Our African Roots: Australia Uncovered is described as an attempt to unravel “the absence of the African-Australian story within prevailing historical accounts” and investigate the “circumstances that saw them fall out of the national consciousness”.

Author and journalist Santilla Chingaipe delves into the lives of African convicts and slaves, whose role in post-settler Australia are often dismissed or unacknowledged. However, in telling that tale, the documentary isolates and undermines Aboriginal and Torres Strait Islander lived experience in favour of nationalism.

Like many, I have grappled with the question of belonging.

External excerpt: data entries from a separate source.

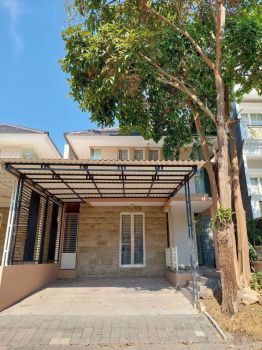 Disewakan Rumah 2 Lantai Semi Furnish Siap Huni di Eastwood Citraland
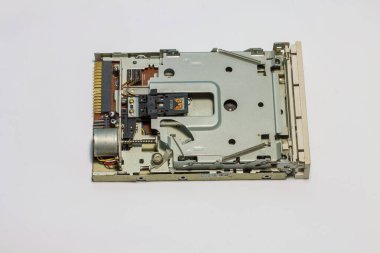 Eski stil retro disk okuyucular. Yumuşak bir disk veya disket, 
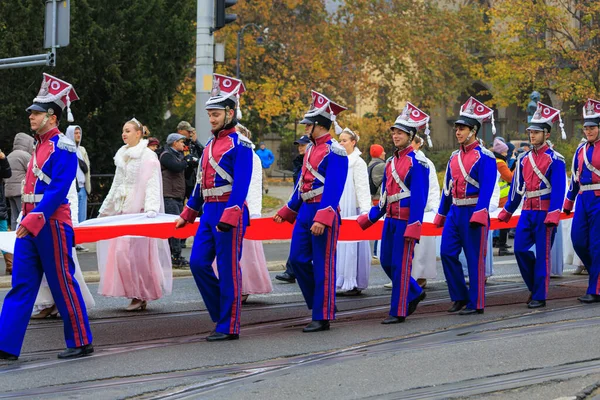 Wroclaw, Polonya - 11 Kasım 2024: Wroclaw 'da Neşeli Bağımsızlık Günü Yürüyüşü, Polonya Bayrakları, Öğrencileri ve 11 Kasım' ı Kutlayan Ailelerle Vatanseverlik Yürüyüşü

Our African Roots made me wonder about the appropriateness, as an African-Australian, of wanting to ‘belong’ in this colony,” writer and scholar Dr Tinashe Jakwa said on Twitter. “‘Australia’ is a colony whose foundation is white supremacy.”

Critics of the film from both Indigenous and African backgrounds found that in the mission to draw out a tale of multiculturalism, Our African Roots inadvertently played into a white-serving narrative.

“From the ‘uninhabited wilds of the North Shore’ to ‘the first multicultural families’, her loyalty to the doctrine of Terra Nullius is worryingly plain to see,” Jared Field wrote about Chingaipe in an op-ed for Indigenous X. “While it may sound obvious to some, it clearly needs to be stated to others: our lands and waters never were and never will be uninhabited wilds.”

“This documentary, if I’m generous, feels like it comes from a place of wanting to be seen,” said Field. “The view provided, however, has been no less than a diversification of the colonial project, with something close to pride attached to it.”

SBS told Junkee that Our African Roots‘ main purpose was to “highlight the existence of people of African descent, and their contribution to Australian society”, and acknowledged the concern around controversial language choice in it.

“The documentary explores an important and largely unknown part of Australia’s modern multicultural history, and is designed to complement and contribute to a range of different perspectives which are shared across the SBS and NITV platforms,” said the broadcaster. “The documentary acknowledges that Indigenous Australians are the original and enduring custodians of the land, and the impact of colonisation.”

“The film used the word ‘uninhabited’ in one scene, in reference to the viewpoint of colonial settlers looking at land they had not yet taken,” the statement continued. “However, this was poorly framed and SBS recognises the use and framing of this word was incorrect and we unreservedly apologise. It has been amended for future screenings of the documentary.”